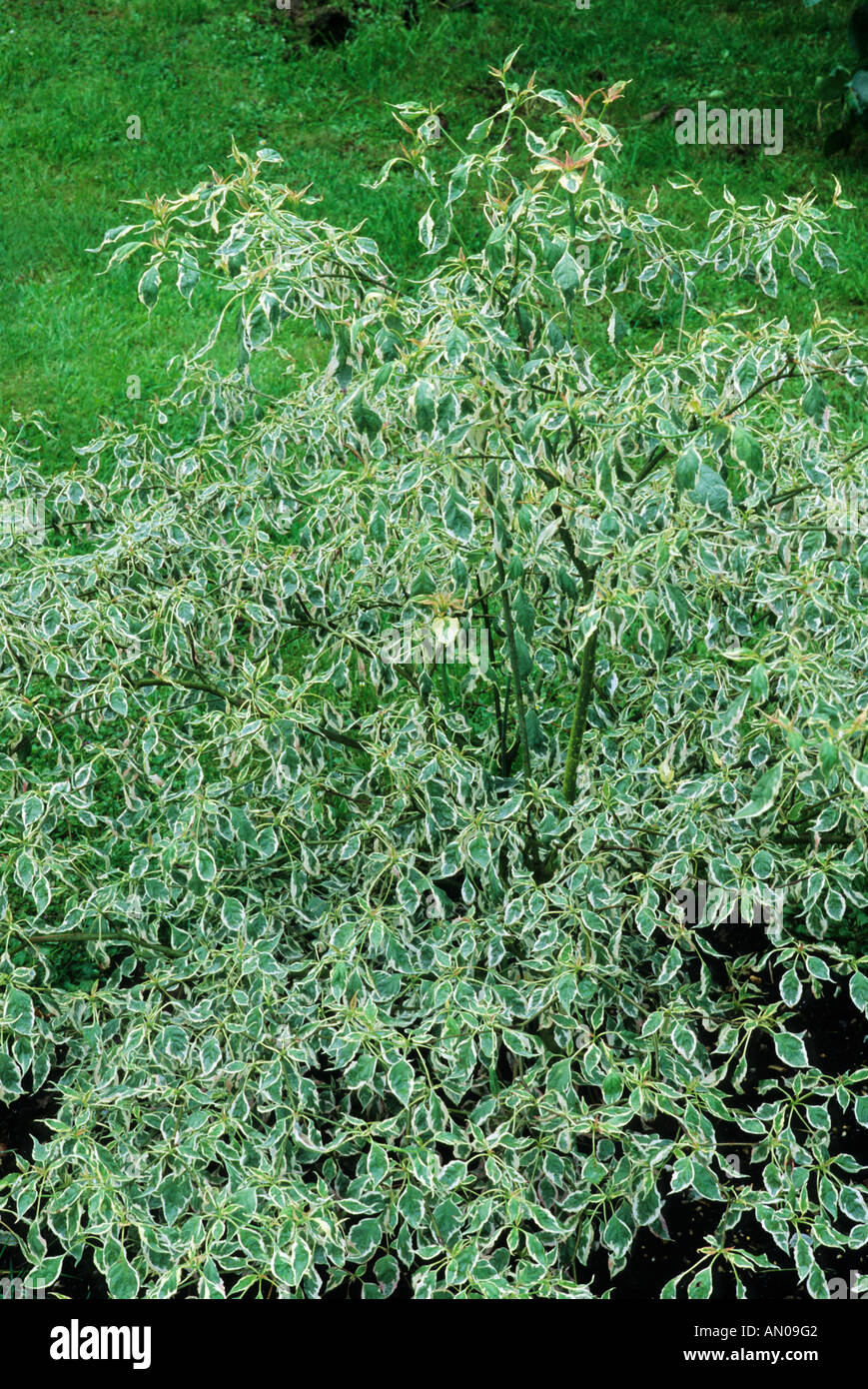 Cornus alternifolia 'Argentea', syn. 'Variegata', des cornouillers, des feuilles panachées, jardin plante cornouiller Banque D'Images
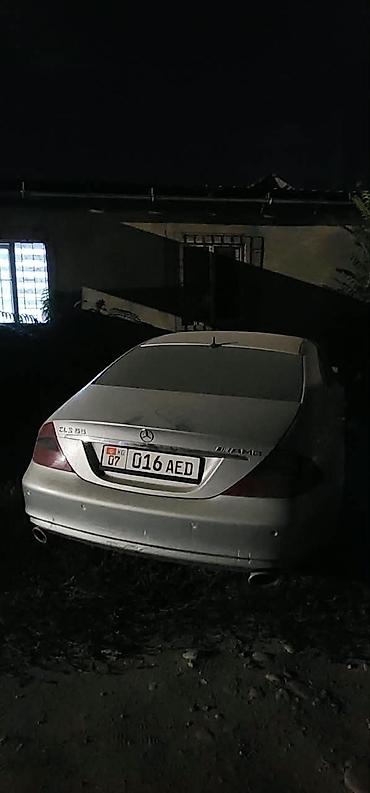 фонари освещения: Mercedes-Benz CLS-Class: 2004 г., Купе — 6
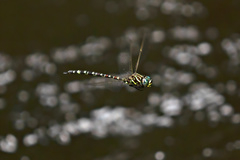 Austroaeschna pinheyi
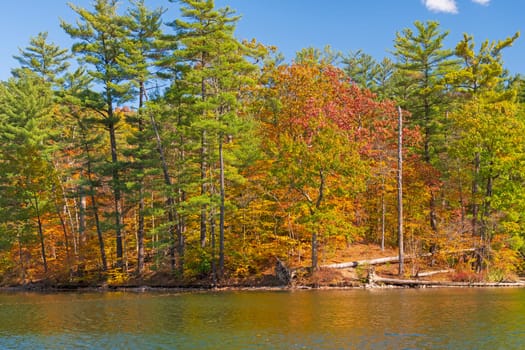 Fall Colors Breaking Through the Pines on Chenango Lake in Chenango Valley State Park in New York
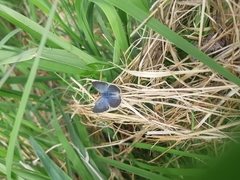 Glaucopsyche lygdamus image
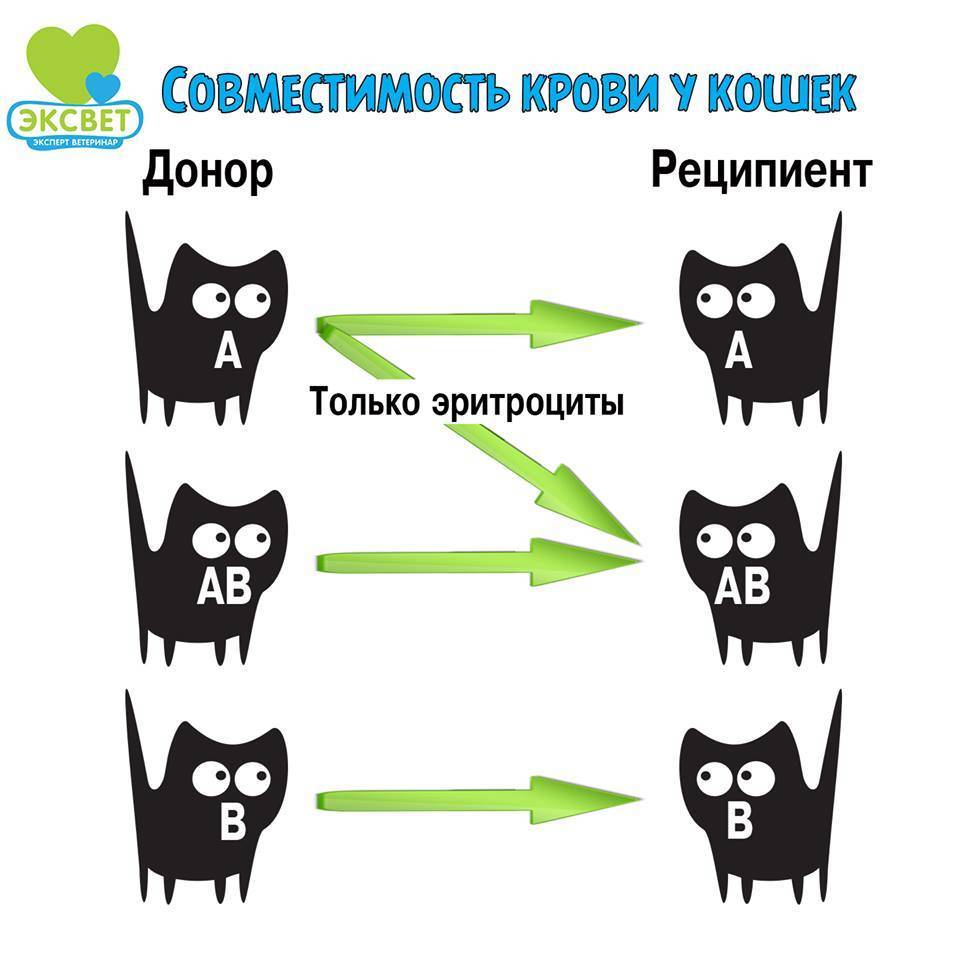 Группы крови у кошек и котов: есть ли, сколько, таблица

* * * * * * *

| The problem |
Each line from the one that holds "Fall Colors Breaking" through the final line of the data must be retyped exactly; the pictures must not appear.

| Output of the exercise |
 Fall Colors Breaking Through the Pines on Chenango Lake in Chenango Valley State Park in New York
 Glaucopsyche lygdamus image
 Группы крови у кошек и котов: есть ли, сколько, таблица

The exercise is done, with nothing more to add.